The most popular Google Dorks
- cache: will show the old or deleted version of the sitecache:securitytrails.com
- allintext: Looks for specific text that is on the page allintext: hacking tools
- Allintitle: same as dork above, but only for titles. allintitle:”Security Companies”
- filetype: can be used to search for any file extension: email security filetype: pdf
- Site: will show you the complete list of all indexed URLs for the given domain and subdomain. site:securitytrails.com
- *: allows you to search for anything before a word, e.g., how to * a website, will return “how to…” design/create/hack, etc… “a website.”
- “security” “tips” will show all the sites which contain “security,” “tips,” or both words.

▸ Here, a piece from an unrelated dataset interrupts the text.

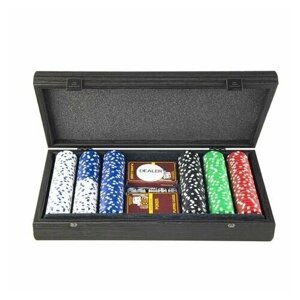 Набор для покера Manopoulos (карты 200 шт ) черный, корпус дерево 39х22 см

- +: used to concatenate words, useful to detect pages that use more than one specific key, e.g., security + trails
- –: minus operator is used to avoid showing results that contain certain words, e.g., security -trails will show pages that use “security” in their text, but not those that have the word “trails.”
More examples and search operators can be found in The Google hacking Database (GHDB) If you want to automate the search process? you can use the following programs.
Best 8 Google Dorks Open Source Projects
- Pagodo – Passive Google Dork – automates Google searching for potentially vulnerable web pages and applications on the Internet. It replaces manually performing Google dork searches with a web GUI browser.
- Zeus Scanner is an advanced reconnaissance utility designed to simplify web application reconnaissance.
- Go Dork – The fastest dork scanner written in Go.
- Sitedorks – Search Google, Bing, Ecosia, Yahoo, or Yandex for a search term with several websites. A default list is already provided, containing Github, Gitlab, Surveymonkey, Trello, etc. Currently, a default list of 518 dorkable websites is available.
- DorkScanner – A typical search engine dork scanner that scrapes search engines with queries that you provide in order to find vulnerable URLs.
- Evildork – Dork only has one specific domain or all subdomains available. Dork is targeting a general target (likely to be a person). Produce an HTML output result page with all the dorks links. Be aware that Google, after some tries, will add a captcha to check if you’re a bot or not.
- Google Dorks Full List – Approx 10.000 lines of Google dorks search queries! please initiate a pull request in order to contribute and have your findings added!
It is an illegal act to build a database with Google Dorks. Only use this for research purposes! exploiting these search queries to obtain data leaks, databases, or other sensitive information might cause you a lot of trouble and perhaps even jail.